* [About this task] Reproduce only the stretch of entries below that begins at the first line and ends at the line holding "Tailored vest with".

* [Material for the task]
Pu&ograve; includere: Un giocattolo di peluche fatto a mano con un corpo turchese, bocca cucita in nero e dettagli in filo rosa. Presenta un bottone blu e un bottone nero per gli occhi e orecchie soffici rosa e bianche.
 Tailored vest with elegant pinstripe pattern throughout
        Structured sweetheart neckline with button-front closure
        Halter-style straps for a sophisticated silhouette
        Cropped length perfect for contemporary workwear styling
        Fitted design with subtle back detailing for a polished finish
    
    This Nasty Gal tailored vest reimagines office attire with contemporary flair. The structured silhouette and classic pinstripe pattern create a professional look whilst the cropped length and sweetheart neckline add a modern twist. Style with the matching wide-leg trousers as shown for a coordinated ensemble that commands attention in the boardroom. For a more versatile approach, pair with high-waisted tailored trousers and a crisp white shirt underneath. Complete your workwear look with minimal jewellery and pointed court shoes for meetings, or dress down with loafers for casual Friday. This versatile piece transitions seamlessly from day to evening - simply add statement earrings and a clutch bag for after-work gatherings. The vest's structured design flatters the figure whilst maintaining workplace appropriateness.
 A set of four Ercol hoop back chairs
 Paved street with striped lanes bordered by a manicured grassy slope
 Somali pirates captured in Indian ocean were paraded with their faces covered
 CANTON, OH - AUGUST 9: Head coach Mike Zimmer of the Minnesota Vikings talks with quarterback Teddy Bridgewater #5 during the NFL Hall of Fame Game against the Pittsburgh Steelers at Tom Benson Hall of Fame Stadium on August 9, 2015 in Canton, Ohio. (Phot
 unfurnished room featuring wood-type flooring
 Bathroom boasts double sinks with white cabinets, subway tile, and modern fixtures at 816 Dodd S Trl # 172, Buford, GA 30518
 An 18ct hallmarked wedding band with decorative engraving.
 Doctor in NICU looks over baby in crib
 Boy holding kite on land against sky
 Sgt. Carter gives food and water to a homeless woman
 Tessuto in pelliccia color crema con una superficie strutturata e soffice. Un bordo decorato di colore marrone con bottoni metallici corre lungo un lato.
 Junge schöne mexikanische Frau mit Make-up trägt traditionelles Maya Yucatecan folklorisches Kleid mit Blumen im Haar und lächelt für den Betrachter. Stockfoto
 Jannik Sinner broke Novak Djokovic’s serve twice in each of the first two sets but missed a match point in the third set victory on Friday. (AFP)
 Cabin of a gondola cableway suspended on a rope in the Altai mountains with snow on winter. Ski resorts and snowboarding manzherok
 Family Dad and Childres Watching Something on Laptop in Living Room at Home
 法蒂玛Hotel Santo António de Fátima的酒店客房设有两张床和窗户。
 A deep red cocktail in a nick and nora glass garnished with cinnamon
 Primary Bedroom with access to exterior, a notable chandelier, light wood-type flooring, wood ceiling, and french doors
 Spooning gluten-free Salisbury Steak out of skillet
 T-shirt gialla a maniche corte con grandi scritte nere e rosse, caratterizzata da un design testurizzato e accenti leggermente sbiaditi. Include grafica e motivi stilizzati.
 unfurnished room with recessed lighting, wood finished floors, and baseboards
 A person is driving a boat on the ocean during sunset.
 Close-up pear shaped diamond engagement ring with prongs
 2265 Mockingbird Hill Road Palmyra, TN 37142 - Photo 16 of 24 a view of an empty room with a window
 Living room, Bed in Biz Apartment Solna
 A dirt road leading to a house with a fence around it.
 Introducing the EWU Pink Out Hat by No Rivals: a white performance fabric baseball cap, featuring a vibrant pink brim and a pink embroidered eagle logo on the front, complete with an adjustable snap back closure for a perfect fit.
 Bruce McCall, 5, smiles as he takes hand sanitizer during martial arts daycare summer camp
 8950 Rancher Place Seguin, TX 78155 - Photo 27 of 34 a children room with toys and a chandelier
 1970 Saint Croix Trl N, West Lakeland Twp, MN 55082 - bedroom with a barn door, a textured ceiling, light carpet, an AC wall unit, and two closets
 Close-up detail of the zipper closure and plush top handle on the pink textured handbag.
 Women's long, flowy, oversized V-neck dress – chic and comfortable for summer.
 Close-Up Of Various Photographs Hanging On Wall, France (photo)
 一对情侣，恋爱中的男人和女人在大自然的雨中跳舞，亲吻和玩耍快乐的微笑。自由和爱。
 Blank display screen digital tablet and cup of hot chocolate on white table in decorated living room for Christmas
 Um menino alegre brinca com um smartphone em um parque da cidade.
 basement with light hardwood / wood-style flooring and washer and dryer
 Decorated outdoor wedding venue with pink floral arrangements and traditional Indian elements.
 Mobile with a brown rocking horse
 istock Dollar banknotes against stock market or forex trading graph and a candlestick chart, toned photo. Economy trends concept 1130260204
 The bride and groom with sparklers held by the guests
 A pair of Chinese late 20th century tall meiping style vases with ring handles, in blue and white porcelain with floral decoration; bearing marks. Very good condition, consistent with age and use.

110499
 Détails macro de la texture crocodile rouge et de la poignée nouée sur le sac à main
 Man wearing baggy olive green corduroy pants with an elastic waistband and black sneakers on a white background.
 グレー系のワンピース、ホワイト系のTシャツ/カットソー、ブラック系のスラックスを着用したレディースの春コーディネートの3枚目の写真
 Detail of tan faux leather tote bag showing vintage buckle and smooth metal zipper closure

* [Exercise answer]
Pu&ograve; includere: Un giocattolo di peluche fatto a mano con un corpo turchese, bocca cucita in nero e dettagli in filo rosa. Presenta un bottone blu e un bottone nero per gli occhi e orecchie soffici rosa e bianche.
 Tailored vest with elegant pinstripe pattern throughout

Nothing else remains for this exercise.